The dominant factor in the running time of the system described thus far is the number of 20x20 pixel windows which the neural networks must process. Applying two networks to a 320x240 pixel image (193737 windows) on a Sparc 20 takes approximately 590 seconds. The computational cost of the arbitration steps is negligible in comparison, taking less than one second to combine the results of the two networks over all positions in the image.
Recall that the amount of position invariance in the pattern recognition component of our system determines how many windows must be processed. In the related task of license plate detection, [8] decreased the number of windows that must be processed. The key idea was to have the neural-network be invariant to translations of about 25% of the size of a license plate. Instead of a single number indicating the existence of a face in the window, the output of Umezaki's network is an image with a peak indicating where the network believes a license plate is located. These outputs are accumulated over the entire image, and peaks are extracted to give candidate locations for license plates.
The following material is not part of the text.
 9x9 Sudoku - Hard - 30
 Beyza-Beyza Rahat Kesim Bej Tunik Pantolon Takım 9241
The same idea can be applied to face detection. The original detector was trained to detect a 20x20 face centered in a 20x20 window. We can make the detector more flexible by allowing the same 20x20 face to be off-center by up to 5 pixels in any direction. To make sure the network can still see the whole face, the window size is increased to 30x30 pixels. Thus the center of the face will fall within a 10x10 pixel region at the center of the window. As before, the network has a single output, indicating the presence or absence of a face. This detector can be moved in steps of 10 pixels across the image, and still detect all faces that might be present. The network is trained using the bootstrap procedure described earlier. This first scanning step is illustrated in Figure 14, which shows the input image pyramid, and the 10x10 pixel regions which are classified as containing the centers of faces. An architecture with an image output was also tried. It yielded about the same detection accuracy, but at the expense of more computation.
Figure 14:
Illustration of the steps in the fast version of the face detector.
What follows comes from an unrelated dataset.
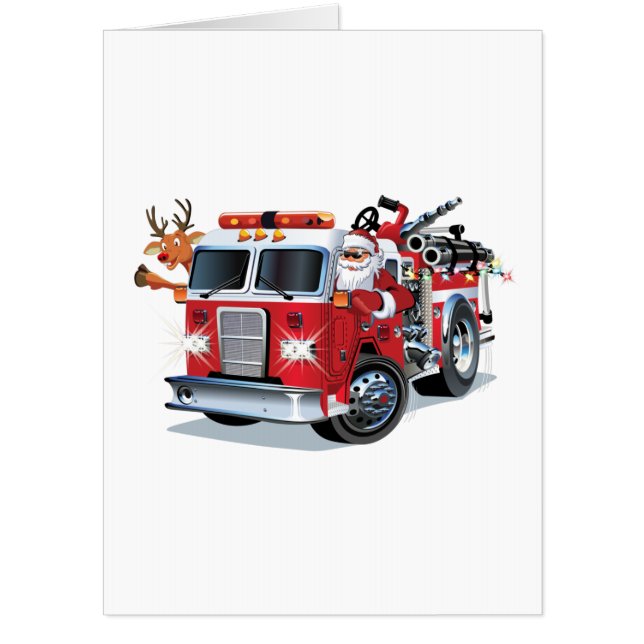 Cartoon Christmas firetruck Card (Front)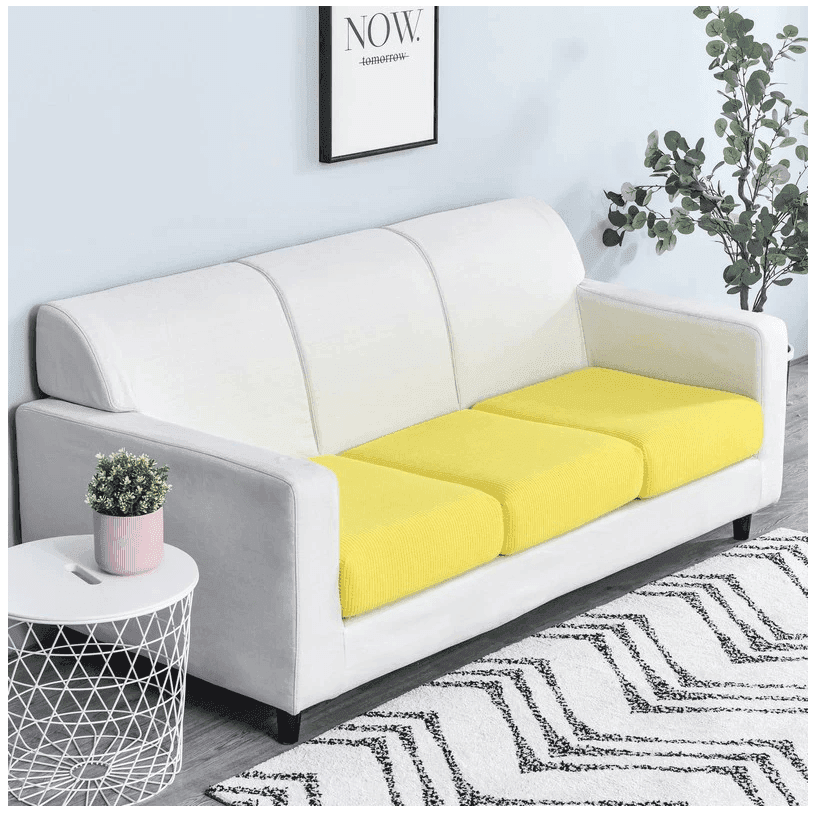 Housse de Coussin Jaune Pour Siège d'Assise et Dossier Canapé & Fauteuil - La Maison de la Housse®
On the left is the input image pyramid, which is scanned with a 30x30
detector which moves in steps of 10 pixels. The center of the figure
shows the 10x10 pixel regions (at the center of the 30x30 detection
windows) which the detector believes contain the center of a face.
These candidates are then verified by the detectors described earlier
in the paper, and the final results are shown on the right.
As can be seen from the figure, this network has many more false detections than the detectors described earlier. To improve the accuracy, we treat each detection by the 30x30 detector as a candidate face, and use the 20x20 detectors described earlier to verify it. Since the candidate faces are not precisely located, the center of the verification network's 20x20 window must be scanned over the 10x10 pixel region potentially containing the center of the face. Simple arbitration strategies, such as ANDing, can be used to combine the outputs of two verification networks. The heuristic that faces rarely overlap can also be used to reduce computation, by first scanning the image for large faces, and at smaller scales not processing locations which overlap with any detections found so far. The results of these verification steps are illustrated on the right side of Figure 14.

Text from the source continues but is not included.